Data for the task:
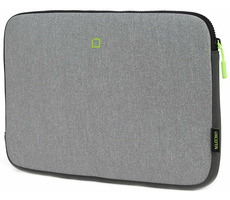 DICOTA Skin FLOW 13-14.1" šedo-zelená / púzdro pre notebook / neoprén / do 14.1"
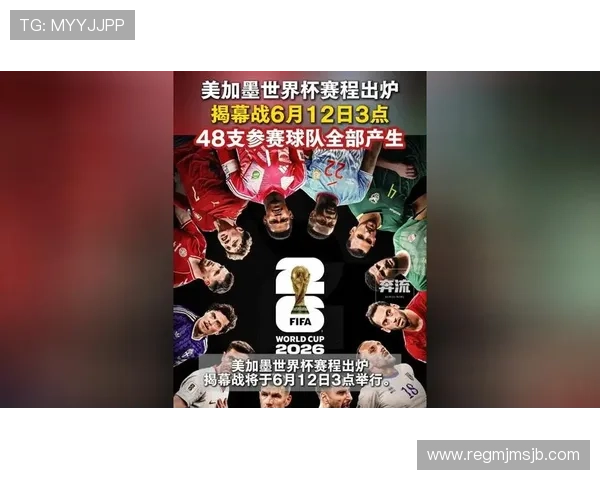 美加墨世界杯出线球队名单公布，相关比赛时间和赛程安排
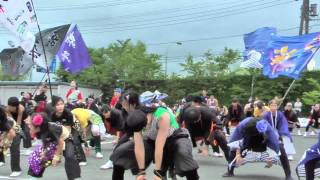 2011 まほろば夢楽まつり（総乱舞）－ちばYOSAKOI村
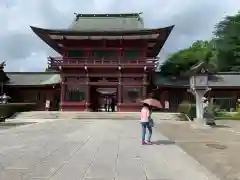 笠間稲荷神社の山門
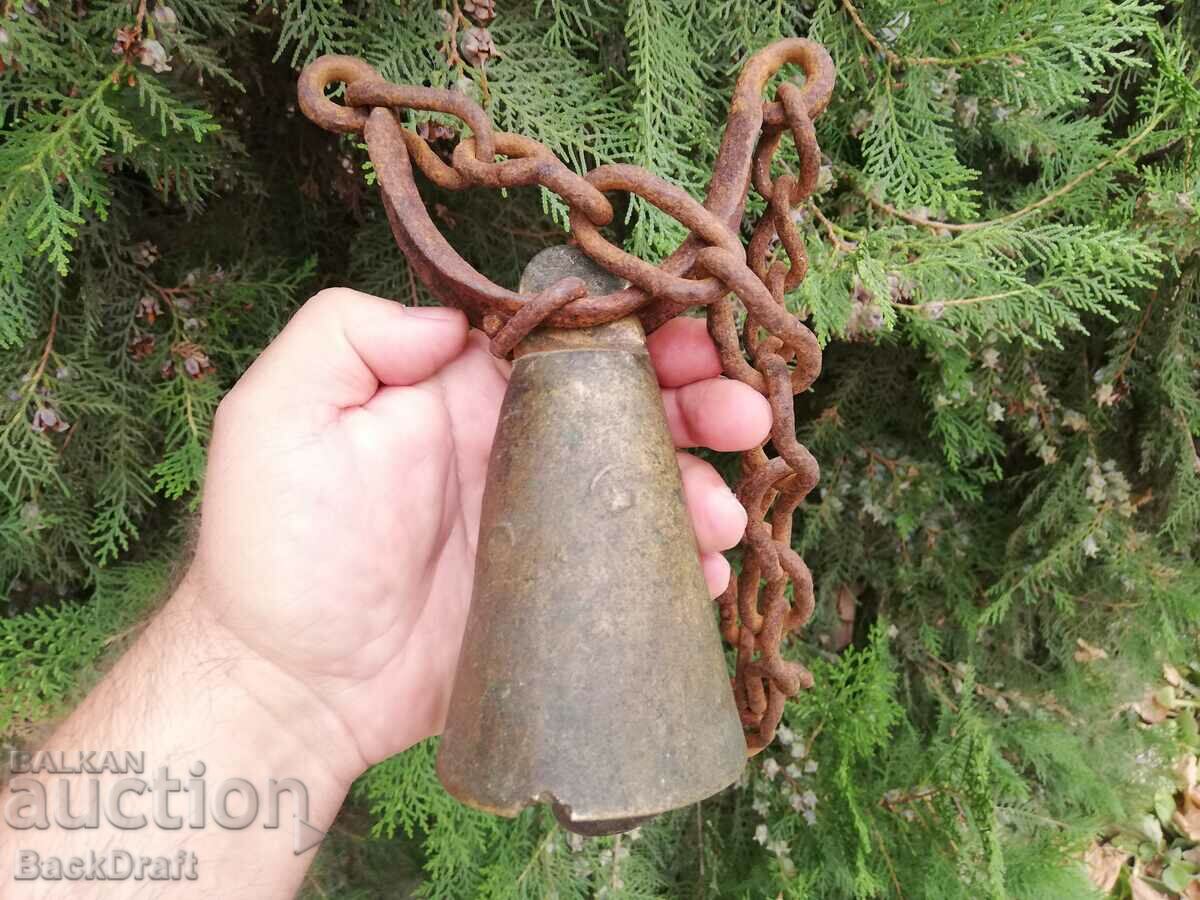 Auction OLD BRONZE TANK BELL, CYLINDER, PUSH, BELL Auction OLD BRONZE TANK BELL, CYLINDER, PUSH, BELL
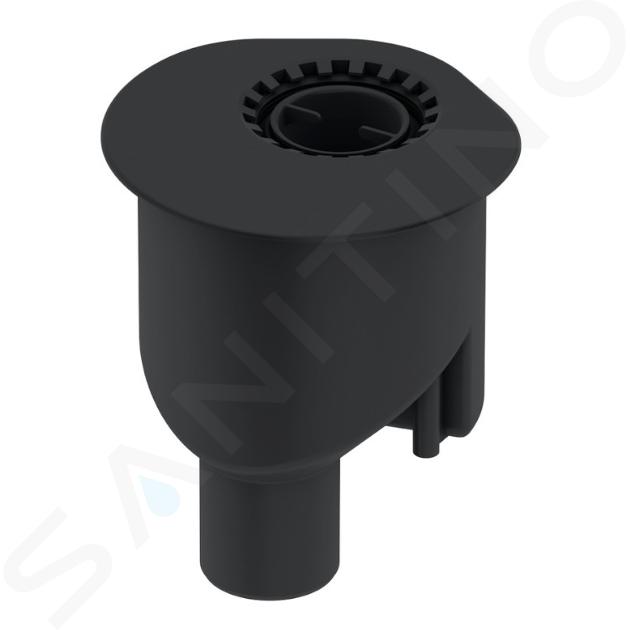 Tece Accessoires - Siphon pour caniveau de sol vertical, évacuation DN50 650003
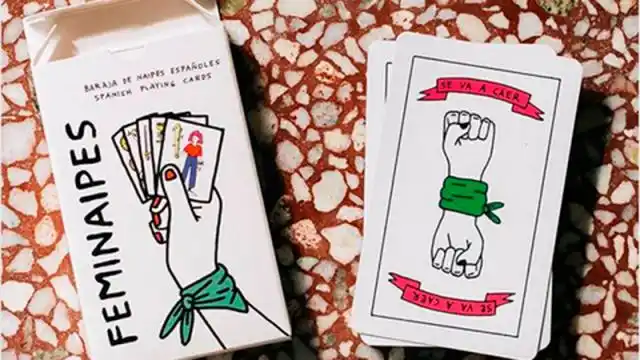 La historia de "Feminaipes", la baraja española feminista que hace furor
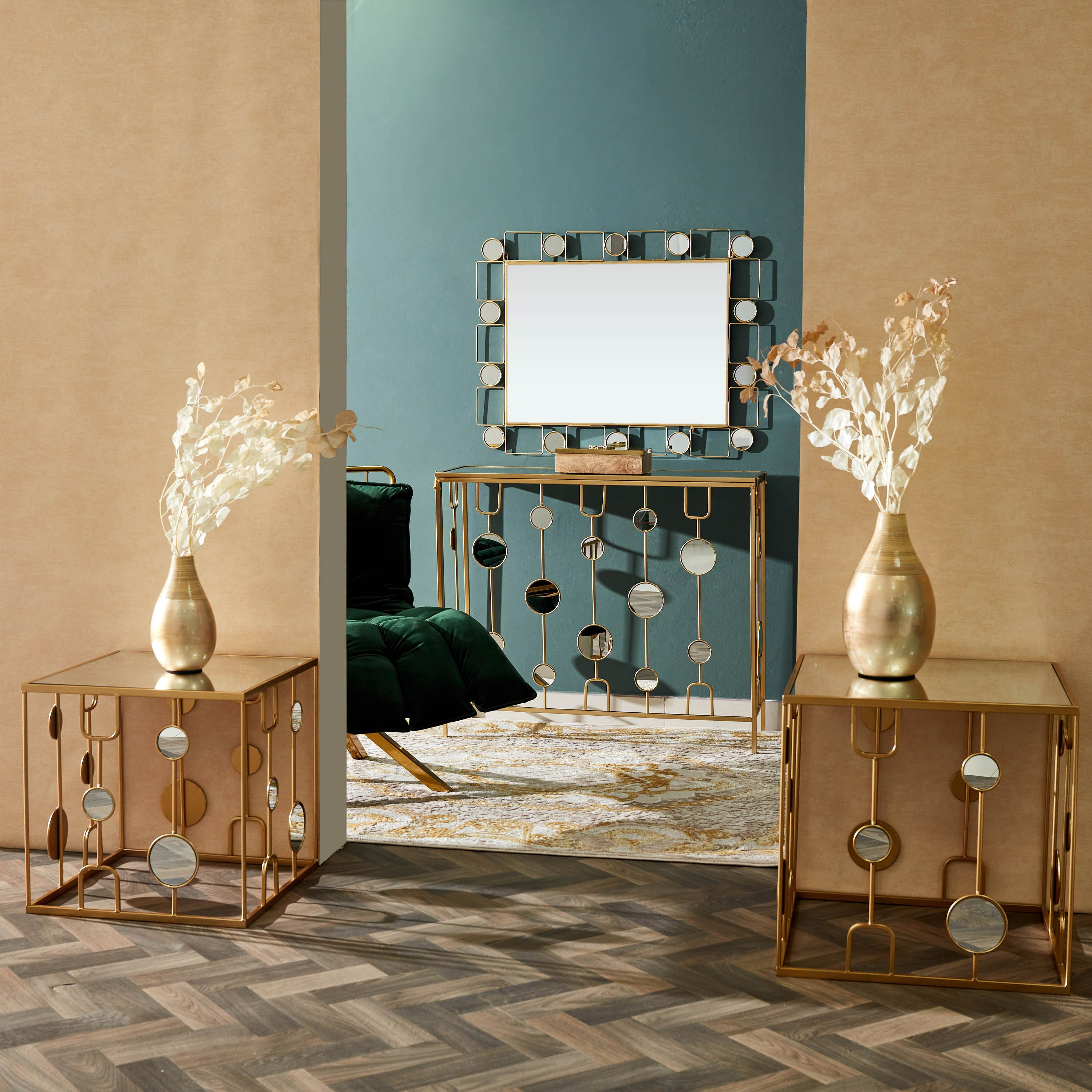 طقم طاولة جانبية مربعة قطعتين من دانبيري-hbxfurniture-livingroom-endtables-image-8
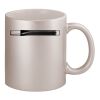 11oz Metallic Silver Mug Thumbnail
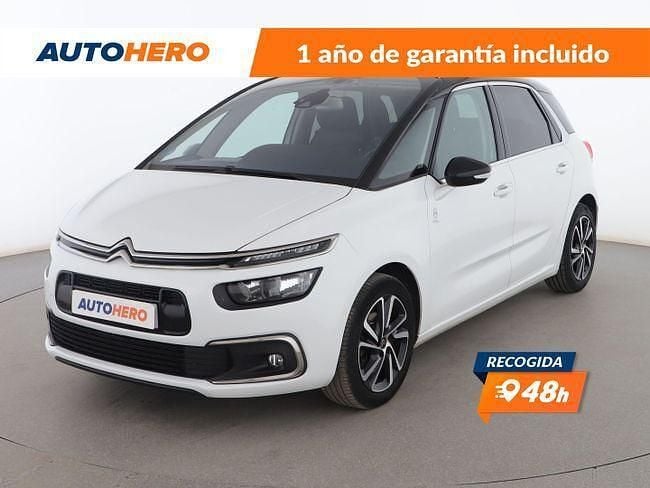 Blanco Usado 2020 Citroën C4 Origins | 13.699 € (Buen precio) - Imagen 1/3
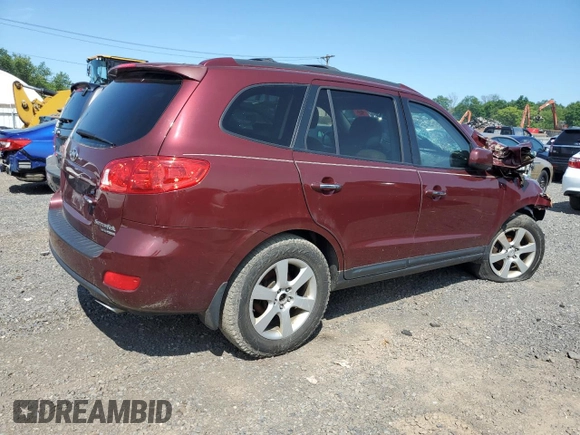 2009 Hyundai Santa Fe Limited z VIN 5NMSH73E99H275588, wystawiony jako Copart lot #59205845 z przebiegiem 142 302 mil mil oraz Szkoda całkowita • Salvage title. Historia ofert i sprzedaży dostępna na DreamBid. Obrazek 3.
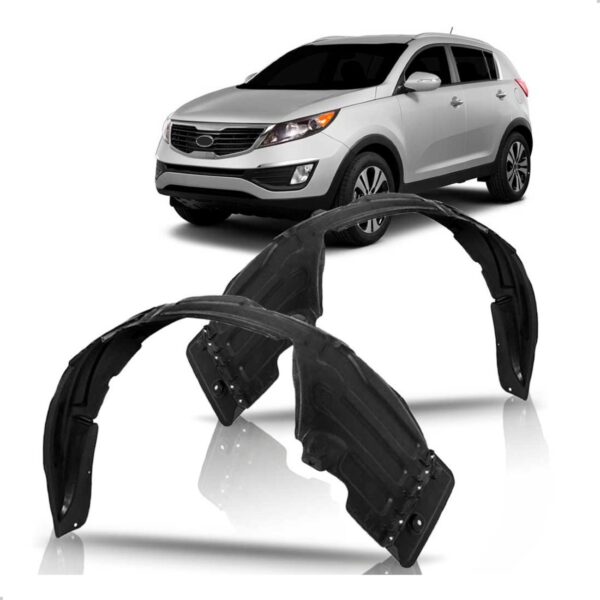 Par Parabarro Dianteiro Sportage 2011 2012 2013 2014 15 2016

What this task involves: Restate word for word the lines above that start at the line containing "11oz Metallic Silver Mug Thumbnail" and run to the end of the listing; exclude the pictures.

Written answer:
 11oz Metallic Silver Mug Thumbnail
 Blanco Usado 2020 Citroën C4 Origins | 13.699 € (Buen precio) - Imagen 1/3
 2009 Hyundai Santa Fe Limited z VIN 5NMSH73E99H275588, wystawiony jako Copart lot #59205845 z przebiegiem 142 302 mil mil oraz Szkoda całkowita • Salvage title. Historia ofert i sprzedaży dostępna na DreamBid. Obrazek 3.
 Par Parabarro Dianteiro Sportage 2011 2012 2013 2014 15 2016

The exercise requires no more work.